Step 1: Build Your Knowledge Graph

await cognee.add([
    "We follow PEP8. Add type hints and docstrings.",
    "Releases should not be on Friday. Susan must review PRs.",
], dataset_name="rules_demo")
await cognee.cognify(datasets=["rules_demo"])
First, create your knowledge graph using the standard add → cognify workflow. Memify works on existing graphs, so you need this foundation first.

Step 2: Enrich with Memify

await cognee.memify(dataset="rules_demo")
This runs the default memify tasks on your existing graph. No data parameter means it processes the existing graph, optionally filtering with node_name and node_type.

Step 3: Query Enriched Data

rules = await cognee.search(
    query_type=SearchType.CODING_RULES,
    query_text="List coding rules",
    node_name=["coding_agent_rules"],
)
Search for the newly created derived facts using specialized search types like SearchType.CODING_RULES.

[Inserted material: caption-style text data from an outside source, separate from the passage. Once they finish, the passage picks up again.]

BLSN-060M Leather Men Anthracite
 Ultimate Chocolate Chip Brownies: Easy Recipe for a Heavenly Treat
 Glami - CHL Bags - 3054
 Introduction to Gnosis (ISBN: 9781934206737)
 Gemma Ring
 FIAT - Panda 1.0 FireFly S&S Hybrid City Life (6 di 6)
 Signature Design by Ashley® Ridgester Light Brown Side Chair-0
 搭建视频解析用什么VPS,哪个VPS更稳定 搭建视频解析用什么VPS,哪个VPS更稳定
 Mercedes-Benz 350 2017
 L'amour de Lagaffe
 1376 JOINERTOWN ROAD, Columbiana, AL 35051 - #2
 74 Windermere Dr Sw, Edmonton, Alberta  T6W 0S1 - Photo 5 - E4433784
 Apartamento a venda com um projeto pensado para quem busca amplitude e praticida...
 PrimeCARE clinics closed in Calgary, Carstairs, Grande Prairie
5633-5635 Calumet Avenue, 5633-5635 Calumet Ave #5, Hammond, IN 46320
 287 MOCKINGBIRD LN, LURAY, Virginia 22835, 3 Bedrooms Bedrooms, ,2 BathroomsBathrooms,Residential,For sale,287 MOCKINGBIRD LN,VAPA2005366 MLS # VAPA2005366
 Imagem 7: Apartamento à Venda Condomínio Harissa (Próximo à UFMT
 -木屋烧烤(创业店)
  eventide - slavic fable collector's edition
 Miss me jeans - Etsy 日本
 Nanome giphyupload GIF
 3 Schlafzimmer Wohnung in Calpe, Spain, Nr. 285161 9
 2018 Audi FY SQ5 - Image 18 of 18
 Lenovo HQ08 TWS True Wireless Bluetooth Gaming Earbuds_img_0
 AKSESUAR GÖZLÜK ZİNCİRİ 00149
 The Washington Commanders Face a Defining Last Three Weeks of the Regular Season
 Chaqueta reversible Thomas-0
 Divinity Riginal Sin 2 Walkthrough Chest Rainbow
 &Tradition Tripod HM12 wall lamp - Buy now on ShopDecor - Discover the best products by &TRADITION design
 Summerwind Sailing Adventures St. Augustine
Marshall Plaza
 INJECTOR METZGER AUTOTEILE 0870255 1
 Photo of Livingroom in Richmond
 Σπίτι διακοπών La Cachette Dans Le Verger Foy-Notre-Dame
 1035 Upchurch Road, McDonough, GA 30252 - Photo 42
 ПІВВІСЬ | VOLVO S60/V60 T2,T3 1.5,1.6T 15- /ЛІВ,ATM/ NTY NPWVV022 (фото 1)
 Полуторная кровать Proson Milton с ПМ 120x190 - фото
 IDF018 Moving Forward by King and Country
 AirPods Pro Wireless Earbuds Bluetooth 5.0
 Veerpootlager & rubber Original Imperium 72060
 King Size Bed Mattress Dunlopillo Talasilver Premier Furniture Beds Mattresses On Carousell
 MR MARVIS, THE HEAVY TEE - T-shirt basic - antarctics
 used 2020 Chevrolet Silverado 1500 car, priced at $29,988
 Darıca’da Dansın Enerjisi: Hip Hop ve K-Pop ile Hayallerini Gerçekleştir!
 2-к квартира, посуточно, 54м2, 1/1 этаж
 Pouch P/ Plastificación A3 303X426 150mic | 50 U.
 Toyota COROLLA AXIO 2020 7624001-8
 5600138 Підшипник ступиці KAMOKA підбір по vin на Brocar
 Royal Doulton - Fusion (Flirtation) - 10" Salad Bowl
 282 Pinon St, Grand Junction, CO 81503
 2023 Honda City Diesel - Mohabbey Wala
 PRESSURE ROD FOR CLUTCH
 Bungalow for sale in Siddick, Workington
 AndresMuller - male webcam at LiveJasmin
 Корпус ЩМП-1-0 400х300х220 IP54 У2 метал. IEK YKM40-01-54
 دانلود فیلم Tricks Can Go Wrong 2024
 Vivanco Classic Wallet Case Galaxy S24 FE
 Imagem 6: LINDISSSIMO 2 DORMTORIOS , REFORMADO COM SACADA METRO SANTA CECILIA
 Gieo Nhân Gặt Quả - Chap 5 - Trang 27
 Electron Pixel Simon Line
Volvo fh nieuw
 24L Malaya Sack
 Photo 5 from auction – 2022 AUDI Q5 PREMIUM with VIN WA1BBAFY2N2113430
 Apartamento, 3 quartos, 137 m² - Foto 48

What Changed in Your Graph

After memify completes, the graph contains:
  • Rule nodes — each rule extracted by the LLM from your document chunks (e.g., “Follow PEP8”, “Susan must review PRs”).
  • rule_associated_from edges — connecting each Rule node back to the DocumentChunk it was derived from.
  • coding_agent_rules node set — all rules are grouped under this node set, which is what SearchType.CODING_RULES queries against.
You can verify this by visualizing the graph before and after running memify.
  • dataset (str, default: "main_dataset") — the dataset to process. Must match the dataset you used in cognee.add() and cognee.cognify().
  • node_name (List[str], default: None) — filter the graph to nodes with these names. Useful when you want to process only a subset of your graph.
  • node_type (Type, default: NodeSet) — filter the graph to nodes of this type. Combined with node_name for targeted enrichment.
  • run_in_background (bool, default: False) — if True, memify returns immediately and processes in the background.

Customizing Tasks (Optional)

from cognee.modules.pipelines.tasks.task import Task
from cognee.tasks.memify.extract_subgraph_chunks import extract_subgraph_chunks
from cognee.tasks.codingagents.coding_rule_associations import add_rule_associations

await cognee.memify(
    extraction_tasks=[Task(extract_subgraph_chunks)],
    enrichment_tasks=[Task(add_rule_associations, rules_nodeset_name="coding_agent_rules")],
    dataset="rules_demo",
)
You can customize the memify pipeline by specifying your own extraction and enrichment tasks.

What Happens Under the Hood

The default memify tasks are equivalent to:
  • Extraction: Task(extract_subgraph_chunks) - pulls relevant chunks from your graph
  • Enrichment: Task(add_rule_associations, rules_nodeset_name="coding_agent_rules") - creates new associations and rules
This creates derived knowledge without re-processing your original data.

Additional examples

Additional examples about Memify are available on our github.
  • Empty rules / no results from CODING_RULES search — the input text may be too short or unrelated to coding practices. Memify’s default pipeline extracts coding rules; it works best with text that contains development guidelines, conventions, or process descriptions.
  • Error: no graph data found — run cognee.add() and cognee.cognify() before calling cognee.memify(). Memify operates on an existing knowledge graph.
  • LLM errors — verify that your LLM provider is configured correctly. See LLM Providers.
  • Permission errors — the user must have write access to the target dataset. See Permissions.